On May 4, 1886, a bomb exploded at a Chicago labor rally, wounding dozens of policemen, seven of whom eventually died. A wave of mass hysteria swept the country, leading to a sensational trial that culminated in four controversial executions, and dealing a blow to the labor movement from which it would take decades to recover. Here is what Louis Lingg, one of the damned, said in Court between the conviction and Sentencing. His fate was grim. Days before his execution he lit a cigar in his jail cell. The cigar had a dynamite cap lodged inside. He blew off his head. It is still unclear if this most heinous end was a defiant suicide by a man who refused to be taken at the gallows or something far more sinister. The guards often gave him gifts.


Court of Justice! With the same irony with which you have regarded my efforts to win in this “free land of America,” a livelihood such as humankind is worthy to enjoy, do you now, after condemning me to death, concede me the liberty of making a final speech. I accept your concession; but it is only for the purpose of exposing the injustice, the calumnies and the outrages which have been heaped upon me.
You have accused me of murder, and convicted me: What proof have you brought that I am guilty?

In the first place, you have brought this fellow Seliger to testify against me. Him I have helped to make bombs, and you have further proven that with the assistance of another, I took those bombs to No. 58 Clybourn avenue, but what you have not proven—even with the assistance of your bought “squealer,” Seliger, who would appear to have acted such a prominent part in the affair—is that any of those bombs were taken to the haymarket.

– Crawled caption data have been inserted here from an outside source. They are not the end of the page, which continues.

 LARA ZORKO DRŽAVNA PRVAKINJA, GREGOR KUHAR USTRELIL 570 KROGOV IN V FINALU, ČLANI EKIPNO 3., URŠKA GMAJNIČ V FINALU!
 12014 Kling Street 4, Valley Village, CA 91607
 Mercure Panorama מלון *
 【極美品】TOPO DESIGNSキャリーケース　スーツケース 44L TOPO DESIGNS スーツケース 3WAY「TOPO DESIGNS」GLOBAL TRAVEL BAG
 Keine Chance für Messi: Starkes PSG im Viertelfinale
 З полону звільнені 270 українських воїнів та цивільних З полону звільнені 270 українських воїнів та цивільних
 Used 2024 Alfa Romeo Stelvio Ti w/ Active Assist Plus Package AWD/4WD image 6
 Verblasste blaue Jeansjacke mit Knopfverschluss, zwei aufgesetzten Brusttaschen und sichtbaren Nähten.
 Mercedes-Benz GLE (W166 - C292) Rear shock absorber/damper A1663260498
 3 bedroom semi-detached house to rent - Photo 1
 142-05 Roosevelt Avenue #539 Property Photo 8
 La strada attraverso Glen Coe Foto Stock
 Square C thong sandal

A couple of chemists also, have been brought here as specialists, yet they could only state that the metal of which the haymarket bomb was made bore a certain resemblance to those bombs of mine, and your Mr. Ingham has vainly endeavored to deny that the bombs were quite different. He had to admit that there was a difference of a full half inch in their diameters, although he suppressed the fact that there was also a difference of a quarter of an inch in the thickness of the shell. This is the kind of evidence upon which you have convicted me.

It is not murder, however, of which you have convicted me. The judge has stated that much only this morning in his resume of the case, and Grinnell has repeatedly asserted that we were being tried not for murder, but for anarchy, so the condemnation is—that I am an anarchist!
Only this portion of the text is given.